Problem to solve: Please output the listing below character for character and omit the images.

[Opening Data shown section]

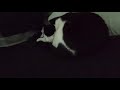 Tuxie Cat Noodle Chewing In His Sleep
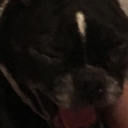 Doge emoji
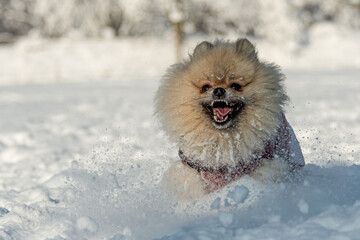 Pomeranian spitz dogs playing in the snow at Christmas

[Closing Data shown section]

Reply:
 Tuxie Cat Noodle Chewing In His Sleep
 Doge emoji
 Pomeranian spitz dogs playing in the snow at Christmas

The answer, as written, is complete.